ANCHORAGE, Alaska (AP) - Two Republicans running for the seat held by U.S. Sen. Mark Begich criticized the Democratic incumbent at a candidates forum, saying he was wrong to oppose the proposed Pebble mine.

Lt. Gov. Mead Treadwell and former Alaska Natural Resources Commissioner Dan Sullivan attended the Anchorage Chamber of Commerce forum Monday.

Begich recently came out against the proposed Pebble mine, based on an Environmental Protection Agency study. Begich said the mine would pose a threat to Bristol Bay salmon.

The candidates said the EPA should back off and let backers of the mine seek their development permits.

“We should have a senator who is telling the EPA that they can’t do that,” Sullivan said. “And we don’t.”

“I think Mark Begich made a huge mistake,” Treadwell told a crowd at the Dena’ina Civic and Convention Center. “Don’t let him pull the wool over your eyes.”

Another GOP candidate, Fairbanks attorney Joe Miller, did not attend the event, the Anchorage Daily News (https://is.gd/9Kc9lH) reported.

Miller spokesman Randy DeSoto said the campaign received late notice of the forum.

Chamber President Andrew Halcro, however, said he sent an email through Miller’s political website three weeks ago when he also contacted the other candidates. He also left a detailed message for Miller’s campaign treasurer and said he never heard back until last week.

“I would have sold an extra 50 seats if Joe Miller would have been here,” Halcro said after the event.

Halcro said the chamber is nonpartisan. He said it will not be endorsing any candidates.

Among issues raised at the forum were the candidates’ residencies in Alaska.

Treadwell has been in the state for 40 years, and Sullivan has spent a far shorter time in Alaska. It’s a theme the 57-year-old Treadwell has raised in the past and raised again on Monday. He said he has been working on state issues much of his adult life.

“I’ve had the chance to work with the chamber’s military committee, on a very substantive policy issue,” Treadwell said, glancing at his opponent. “Dan, this is before you were here.”

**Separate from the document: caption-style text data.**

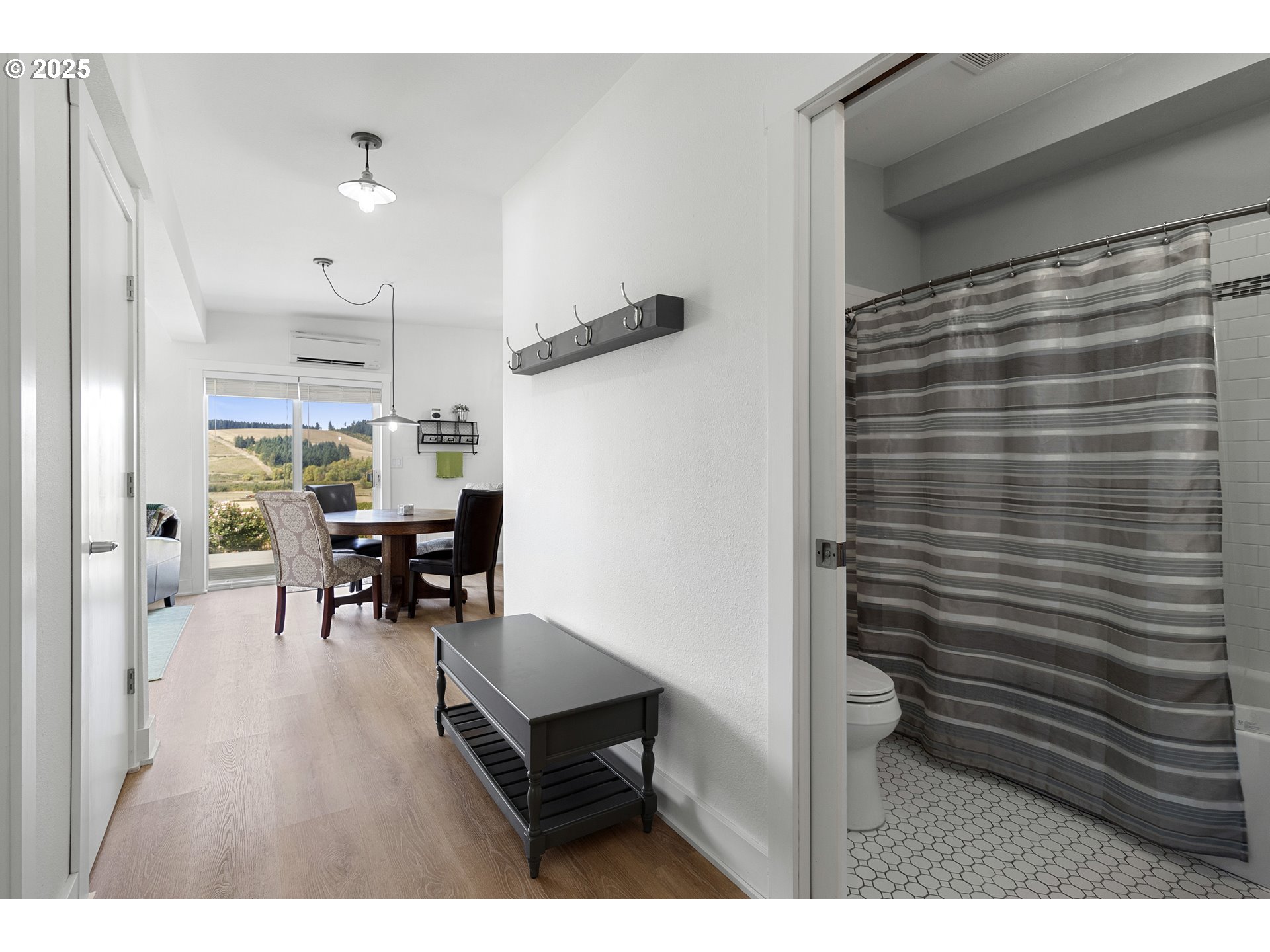 13631 Northeast Kinney Road Newberg, OR 97132 - Photo 37 of 48 a view of livingroom with furniture and workspace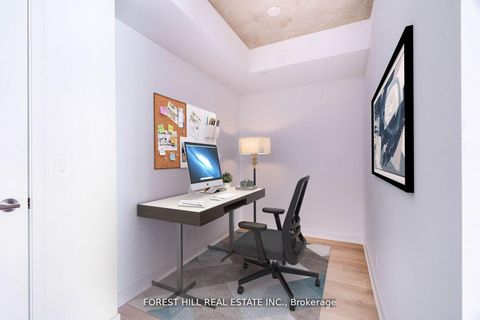 Photo 8 at 401 - 2720 Dundas Street W, Junction Area, Toronto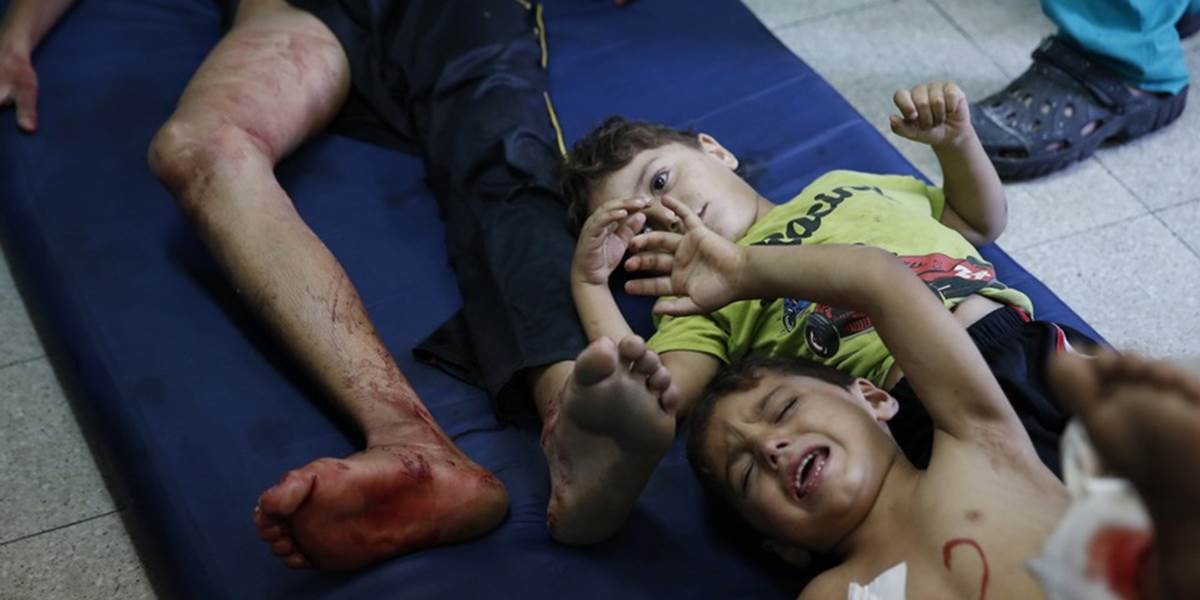 Najmenej 16 ľudí zahynulo pri ostreľovaní školy OSN v pásme Gazy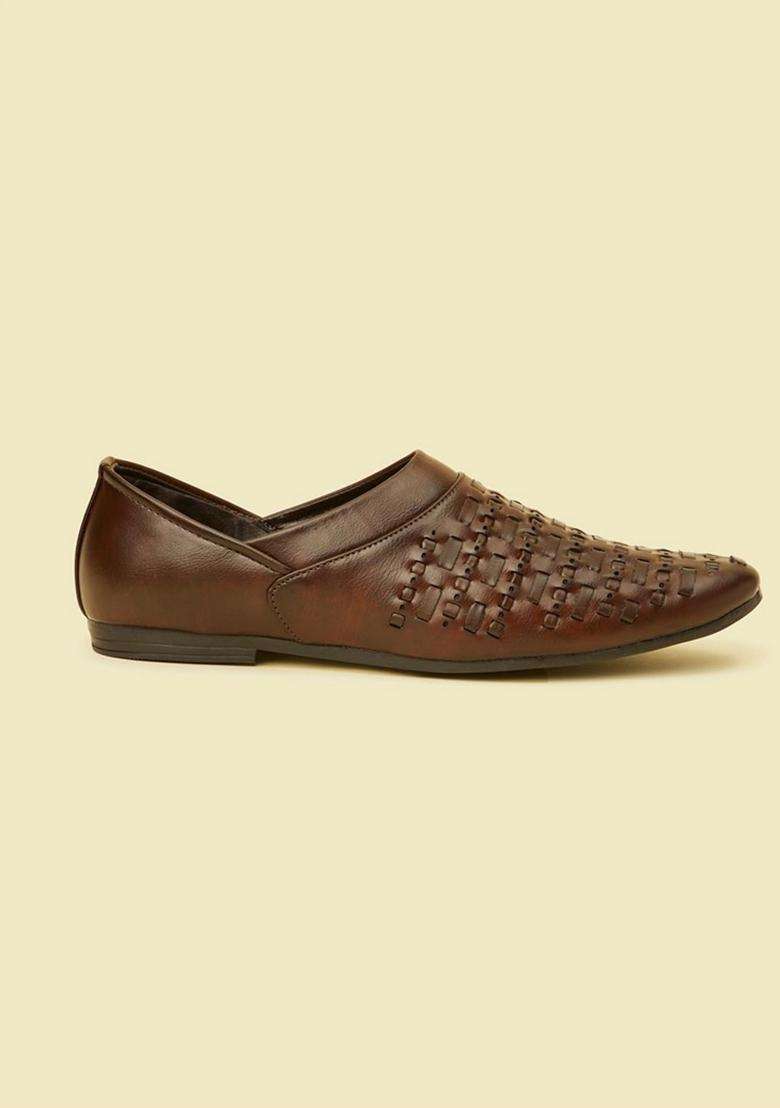 Manyavar Brown Self Texture Loafers Juti Mens Ethnic Jutti - Indya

Sullivan, 49, noted that he and his wife, Julie Fate Sullivan, were married in Fairbanks almost two decades ago. They moved to Alaska in 1997.

Sullivan left the state in 2002 for political and military posts. He returned in 2009 to become attorney general for then-Gov. Sarah Palin.

“I became part of a wonderful, interior Alaska family,” Sullivan said, adding that his in-laws are politically prominent. “Some of you may know Bud and Mary Jane Fate in Fairbanks.”